The retrieval suffix is optimized using gradients (GCG-style discrete token search), and the replicative suffix is optimized using a maximum likelihood objective. The two are optimized serially.

Key Experimental Results

Main Results

Attack success rate under different topologies (%):

Method Graph Line Star 100 Agents
Single-agent baseline ~40 20.69 19.19 32.25
ARCJ (Ours) ~65 44.20 38.94 85.18
Gain +23.51 +18.95 +52.93

Ablation Study

Contributions of each component:

Configuration Line ASR Star ASR
No suffix ~15 ~12
Retrieval suffix only 20.69 19.19
Retrieval + replicative suffix 44.20 38.94

Key Findings

  1. Toxicity dissipation is the core barrier to multi-agent attacks: Toxic suffixes gradually disappear during propagation.
  2. Replicative suffix contributes the most: From 20.69% \(\rightarrow\) 44.20% (line), showing a larger contribution compared to the retrieval suffix.
  3. 100-agent system is particularly vulnerable: The baseline is only 32.25%, but ARCJ reaches 85.18%—scaling up unexpectedly makes the system easier to attack.
  4. Reveals contagion risks in multi-agent architectures: Independent memories do not guarantee security.

Highlights & Insights

  • Discovery and naming of the "toxicity dissipation" phenomenon—precisely describing the root cause of multi-agent attack failures.
  • Unique "self-replicating" idea—allowing toxic information to propagate like a virus among agents.
  • 100-agent experimental scale—the first to validate multi-agent attacks on such a large scale.
  • Important revelation that independent memory \(\neq\) safety.

Limitations & Future Work

  • Only validated on text tasks; multimodal multi-agent systems are not covered.
  • Attackers require white-box access to optimize suffixes.
  • Defense methods are not fully explored.
  • Social topology structures are simple, while real network topologies are more complex.
  • vs.
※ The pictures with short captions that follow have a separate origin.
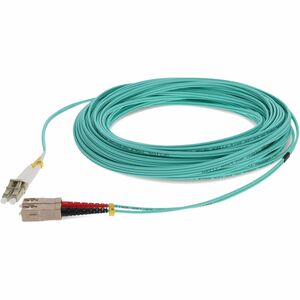 AddOn 24m SC to LC Aqua OM4 Duplex OFNR (Riser-Rated) Fiber Patch Cable
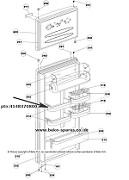 Genuine BEKO  DOOR SHELF MIDDLE LEFT  4148370800 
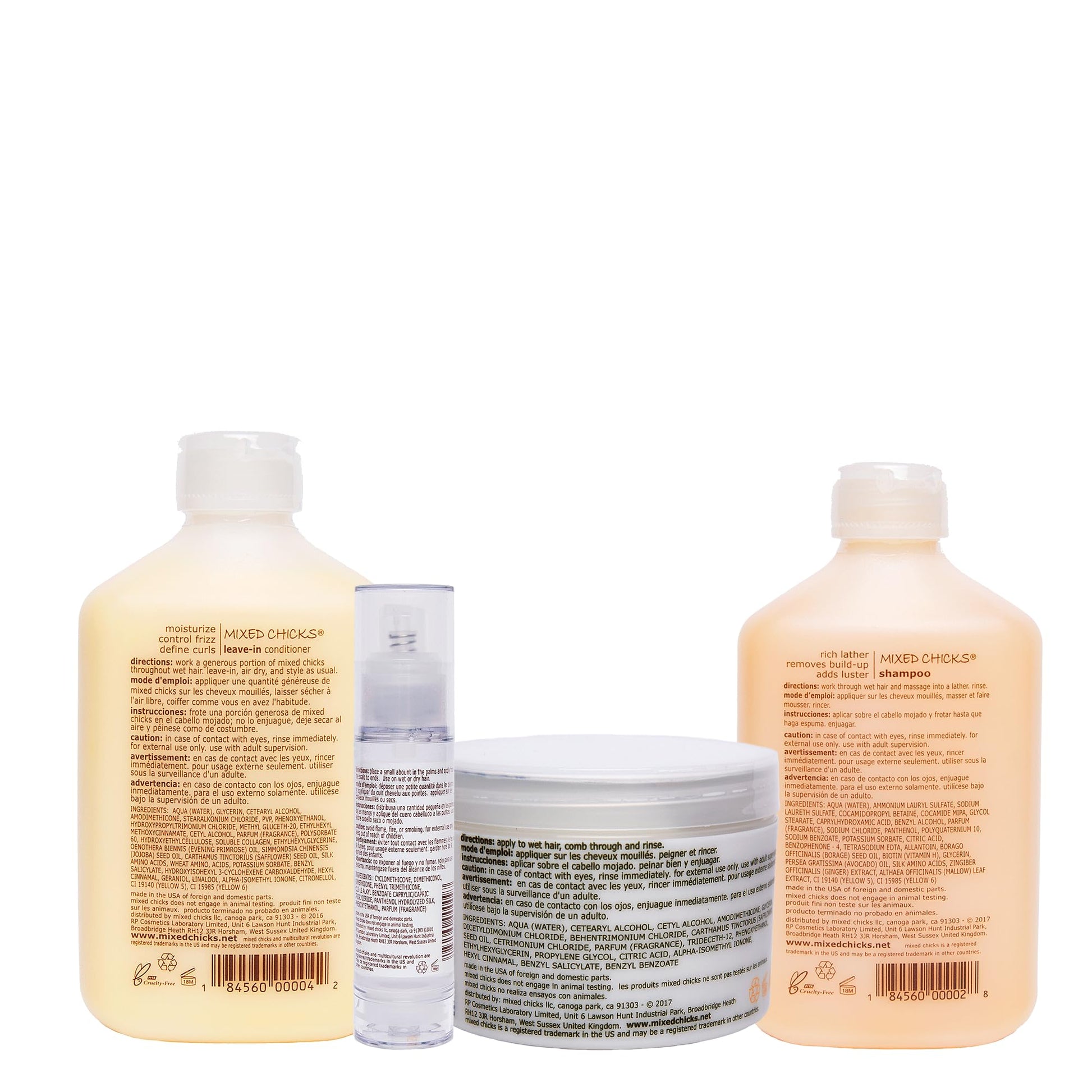 White Smoke Mixed Chicks Quad Pack - Shampoo 10 fl. oz., Deep Conditioner, 8.0 fl. oz., Leave-In Conditioner, 10 fl. oz., Hair Silk, 1.7 fl. oz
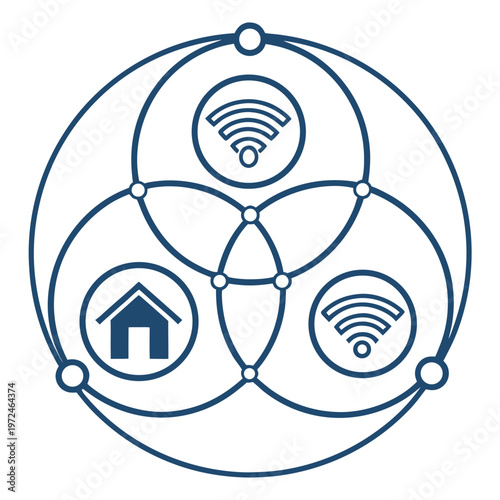 Network diagram with home and wi-fi symbols with smart home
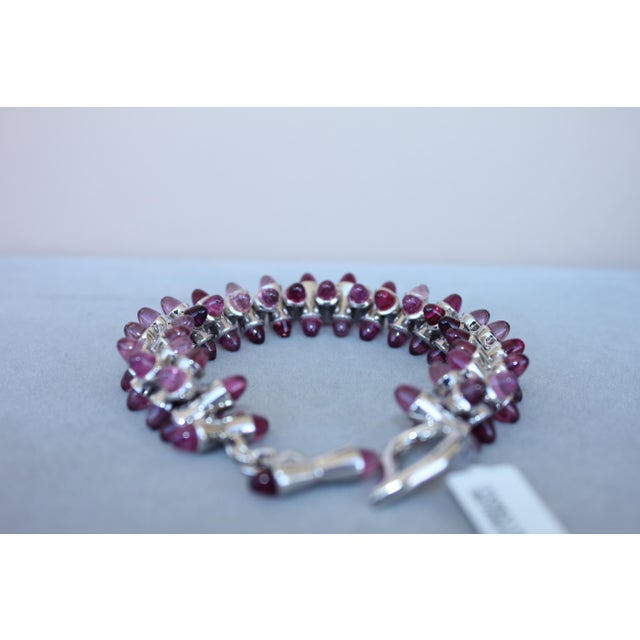 Tamara Commoli Pink Tourmaline Rubellite Mikado 18k White Gold Unique Bracelet For Sale - Image 4 of 18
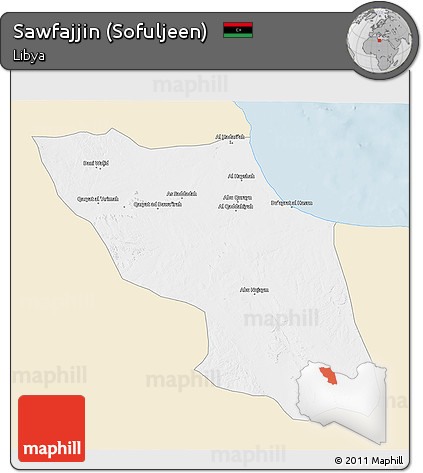 Classic Style 3D Map of Sawfajjin (Sofuljeen), single color outside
Single-Agent Memory Attack (Chen et al. 2024): Attack only on single agents—Ours extends this to multi-agent propagation.
  • vs. Shared Memory Attack (Ju et al. 2024): Shared memory is naturally propagative—Ours solves the propagation challenge in independent memories.
  • vs. GCG (Zou et al. 2023): Original adversarial suffix method—Ours incorporates replication capability.
  • Insights: The security of multi-agent systems needs to be considered from the perspective of propagation dynamics.

Rating

  • Novelty: ⭐⭐⭐⭐⭐ The discovery of toxicity dissipation + the design of the self-replicating suffix are highly innovative.
  • Experimental Thoroughness: ⭐⭐⭐⭐ Multiple topologies + multiple scales + ablation.
  • Writing Quality: ⭐⭐⭐⭐ Clear problem definition and vivid "Town" metaphor.
  • Value: ⭐⭐⭐⭐ Reveals the contagion risks of multi-agent systems.